EXERCISE DIRECTIONS
Copy the data that follows, character for character, minus the pictures.

EXTRACTED ENTRIES
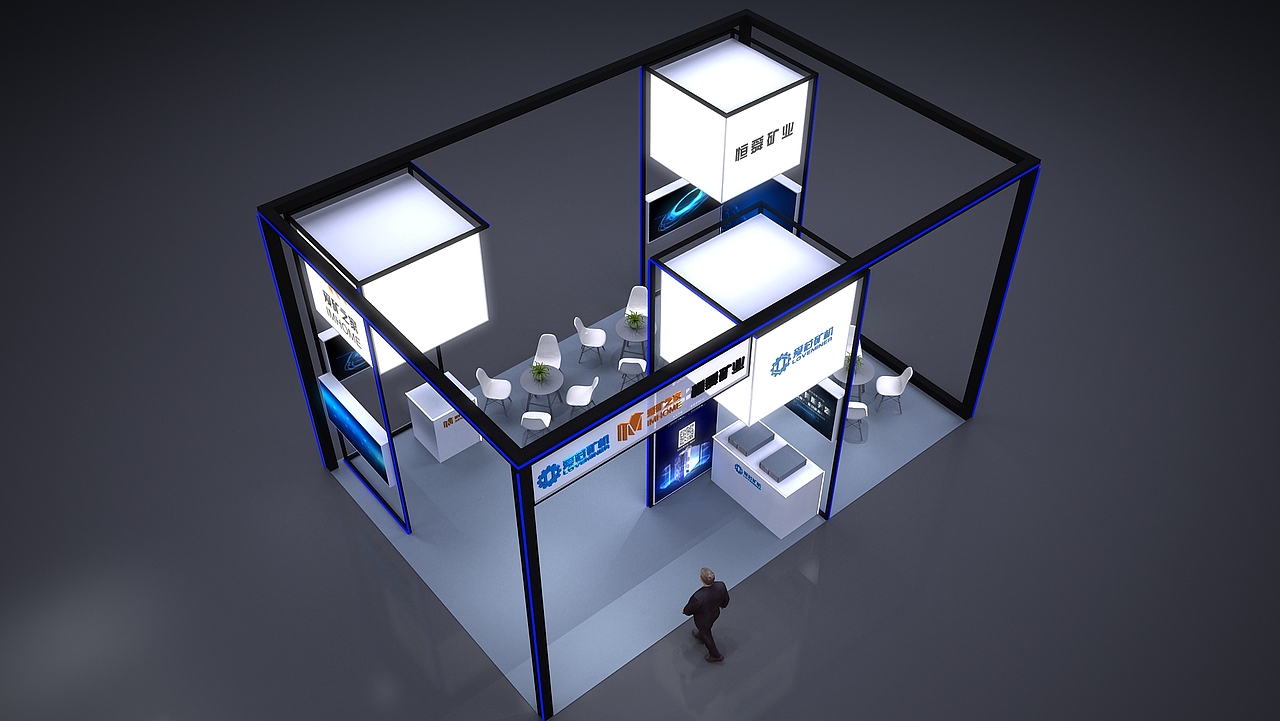 爱芯集团展台（图ZMjU0MjUxNDk2） - 展陈设计 - 站酷设计师Z82315060原创素材 - 站酷ZCOOL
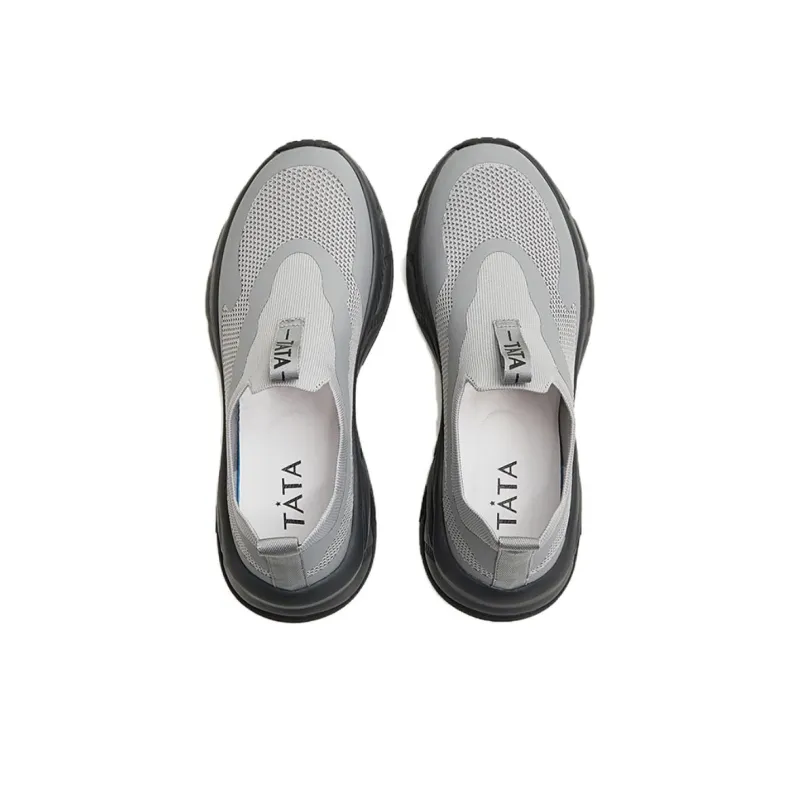 TATA Casual Shoes Men Low Top Solid Color-8
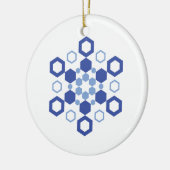 Frosted Symmetry Keramisch Ornament (Links)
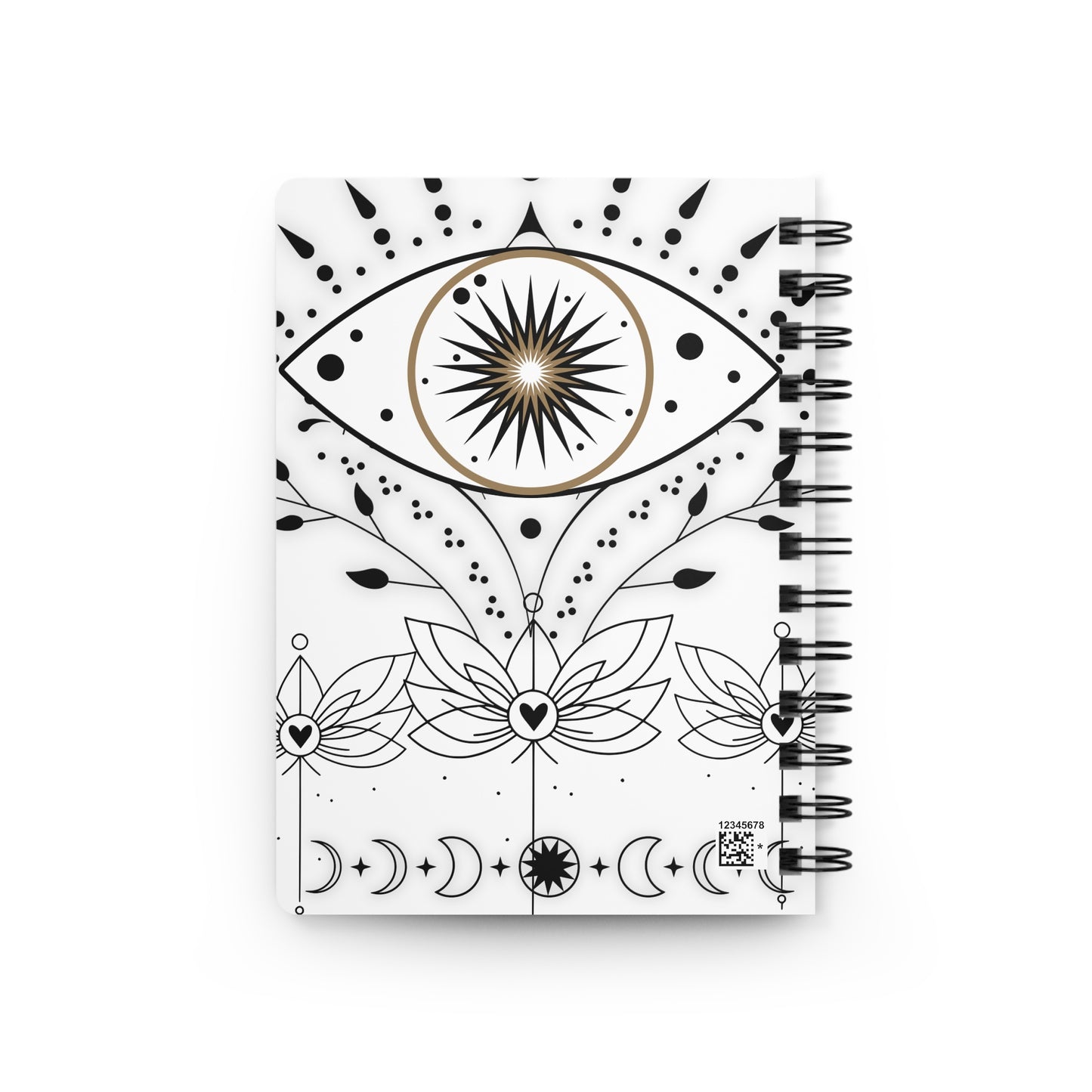 Mystical Eye Spiral Bound Journal - Inspiring Creativity and Mindfulness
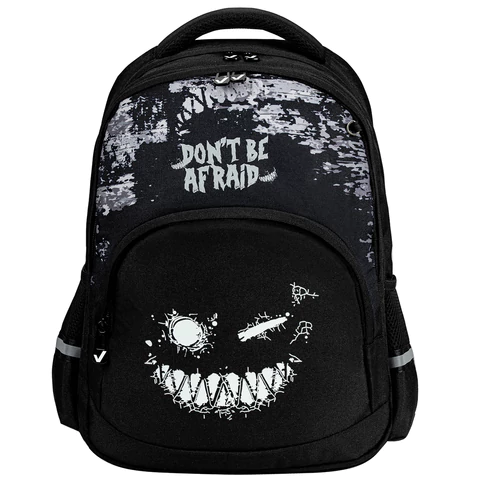 Рюкзак BRAUBERG SOFT, 2 отделения, 3 кармана, "Don't be afraid", СВЕТЯЩИЙСЯ, 40х31х15 см, 271364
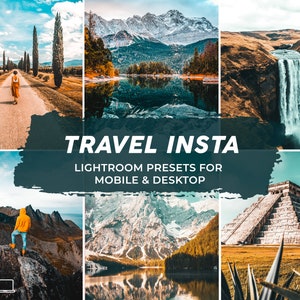 Travel insta Lightroom Presets Mobile & Desktop, lightroom presets for travel ,mobile presets blogger ,best lightroom mobile presets image 1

YOUR RESPONSE
 爱芯集团展台（图ZMjU0MjUxNDk2） - 展陈设计 - 站酷设计师Z82315060原创素材 - 站酷ZCOOL
 TATA Casual Shoes Men Low Top Solid Color-8
 Frosted Symmetry Keramisch Ornament (Links)
 Mystical Eye Spiral Bound Journal - Inspiring Creativity and Mindfulness
 Рюкзак BRAUBERG SOFT, 2 отделения, 3 кармана, "Don't be afraid", СВЕТЯЩИЙСЯ, 40х31х15 см, 271364
 Travel insta Lightroom Presets Mobile & Desktop, lightroom presets for travel ,mobile presets blogger ,best lightroom mobile presets image 1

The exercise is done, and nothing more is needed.